The question was never whether to legislate. The question is how.

And here the Article 87 case ceases to be a technical matter of intellectual property and becomes a case study in how not to legislate artificial intelligence. Because many more assemblies are coming: AI will affect translators, illustrators, musicians, photographers, lawyers, physicians. Every industry will arrive at the building asking for the budget to be directed to its hallway.

If the Article 87 model is the template, we will end up with a building where security depends on the resident's occupation. Every profession with lobbying capacity will secure its protected floor; the rest of us will be left without cameras.

This contradicts something elemental about law in a market economy: rules must be, as far as possible, universal. Regulatory fragmentation distorts competition, generates rents for protected industries, and delays adaptation. The Luddites smashed looms in 1811 and lost anyway. Legal protection against technology rarely saves an industry; what saves it, when anything does, is adaptation.

Mexican dubbing actors have a genuine competitive advantage — quality, tradition, neutral Spanish — that no AI will replicate in the near term. That advantage is better defended with sophisticated contracts, strong unions, and a universal regime for human likeness, than with exclusive cameras for one floor.

VII.

There is a better way. The U.S. Copyright Office published it in July 2024: regulate conduct, not technologies; recognize a universal right of digital reply with federal protection; quick remedies rather than punitive offenses.

Mexico could have done something like that. It could have bought more cameras. Covered every floor. Created copyright-style notice and takedown procedures, expedited arbitration, specific injunctive relief for deepfakes, transparency obligations for platforms.

It did not. It did what those who arrived at the assembly asked for. It confused protecting with privileging.

And it left a methodological precedent. The next assembly — on AI and copyrighted works, on AI in research, on AI and personal data — will look just like this one if no one corrects the method.

VIII.

Back to the building.

Three months after the assembly, a couple of residents run into trouble. They call the building manager. They are told the old camera system was deactivated when they voted to install new ones only for the ground floor.

That is what happens when we legislate out of fear. Mrs. Cristina ends up better protected. So do the residents of 1D and 1F. The rest of the building pays the same dues and is left without cameras.

AI is going to force us to make many legal decisions in the years ahead. The question is not whether we will regulate — we will — but how. If we do it assembly by assembly, industry by industry, we will end up with a building where security depends on occupation. If we do it with universal principles, we might build something different: a regime that recognizes image and identity as human attributes before they are professional assets. Cameras in every hallway.

The reform to Article 87 is the first major assembly of the AI era in Mexico.
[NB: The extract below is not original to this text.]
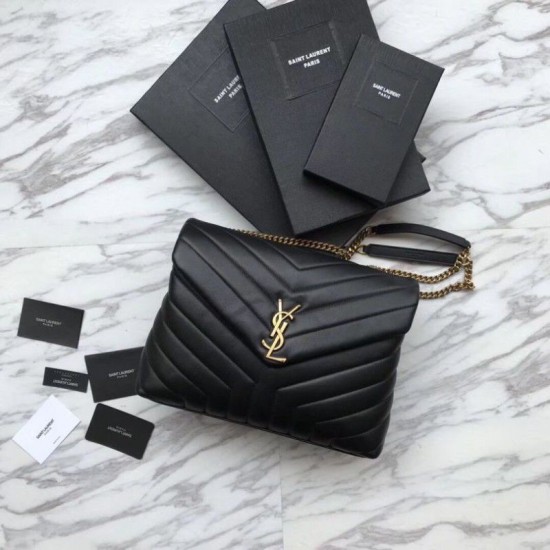 Replica YSL Saint Laurent Classic Busta grande dorata Outlet YSL Saint Laurent Classic Busta grande dorata imitazioni perfette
Now is a good time to ask ourselves whether we want the rest of the building governed by its rules.

Meanwhile, somewhere on a server, an AI is being trained on the photos of someone who lives on the second floor with a balcony facing the street, or on a floor whose parking spot is in the basement. He is not famous. He will never attend an assembly. And one day his face will appear in an advertisement he never authorized, and he will call the building manager to ask what he can do.

Let us hope the answer is not, once again, that the old system was deactivated.